**WHAT IS REQUIRED:** The required output holds only the lines from the one containing "Patelai 12 Pieces" through the end of the material below, copied exactly, please, with no pictures.

** STORED DATA follows **

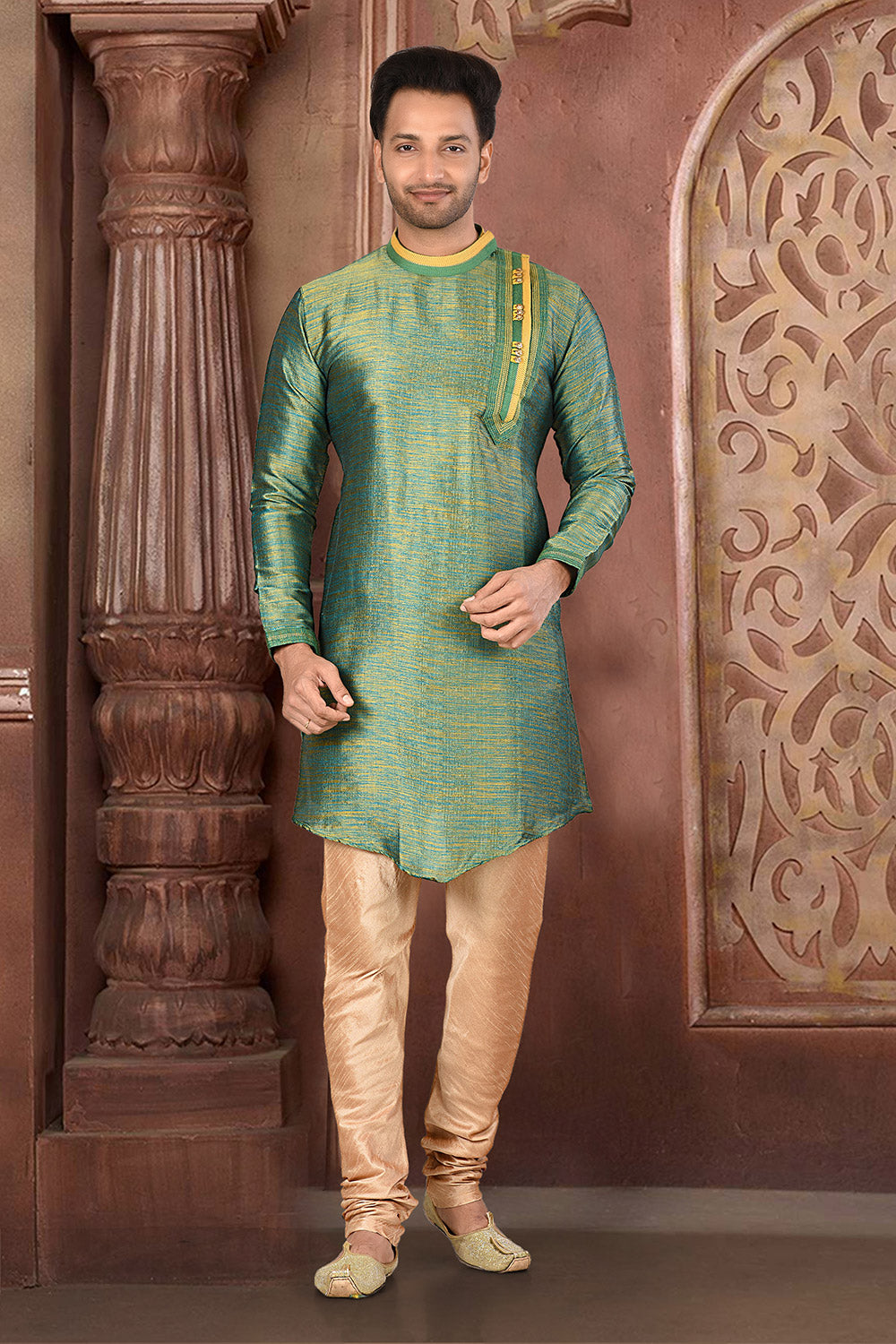Multicolour Colour Silk Fabric With Thread Work Kurta Pajama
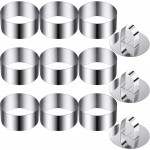 Patelai 12 Pieces Round Cake Mold Ring Stainless Steel Cake Mousse Mold Including Pushers 3.15 Inches Diameter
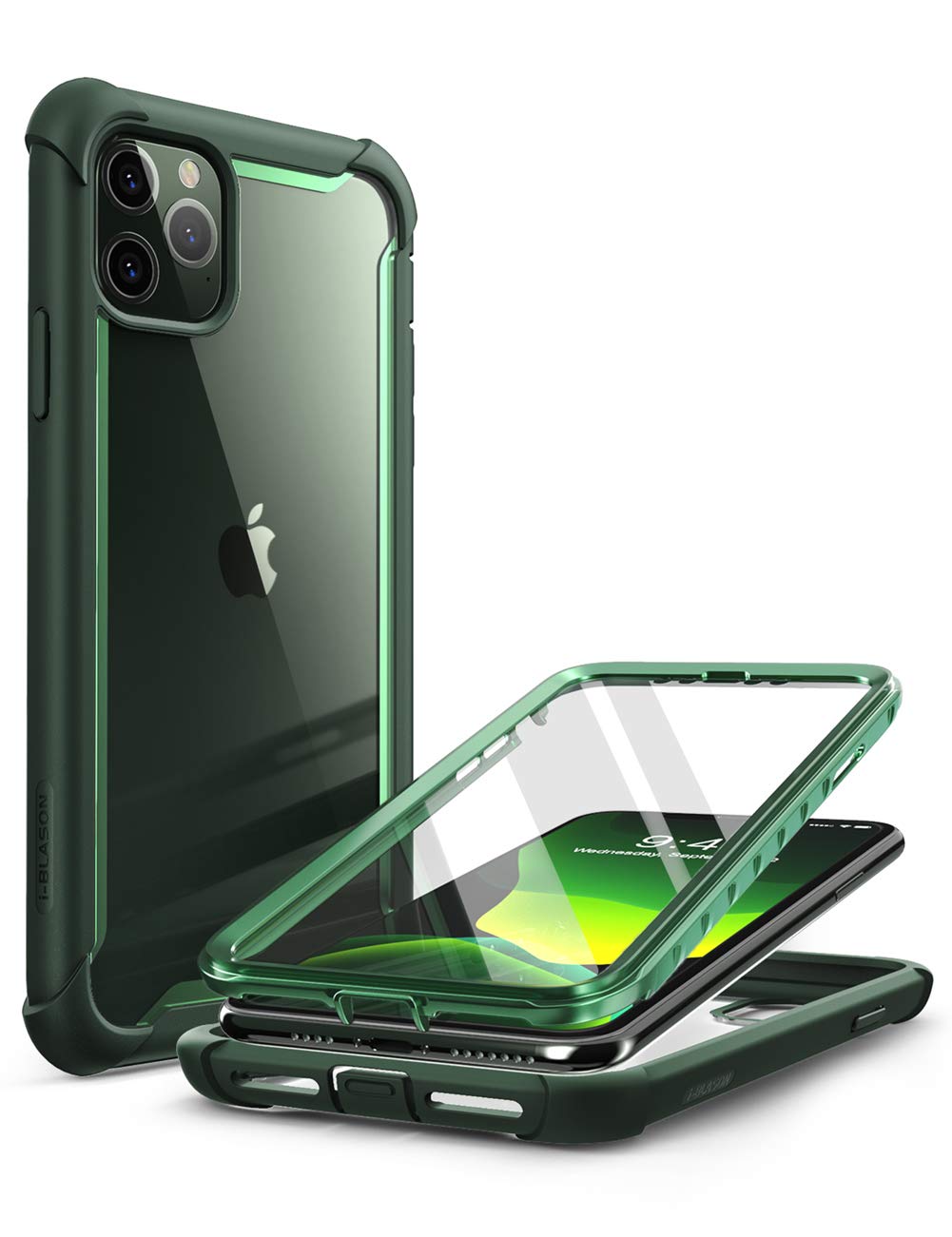 i-Blason Ares Case for iPhone 11 Pro Max Clear Bumper Case Green | 2019 Release, Dual Layer, Rugged, with Built-in Screen Protec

** End of STORED DATA **

**EXERCISE RESPONSE:**
 Patelai 12 Pieces Round Cake Mold Ring Stainless Steel Cake Mousse Mold Including Pushers 3.15 Inches Diameter
 i-Blason Ares Case for iPhone 11 Pro Max Clear Bumper Case Green | 2019 Release, Dual Layer, Rugged, with Built-in Screen Protec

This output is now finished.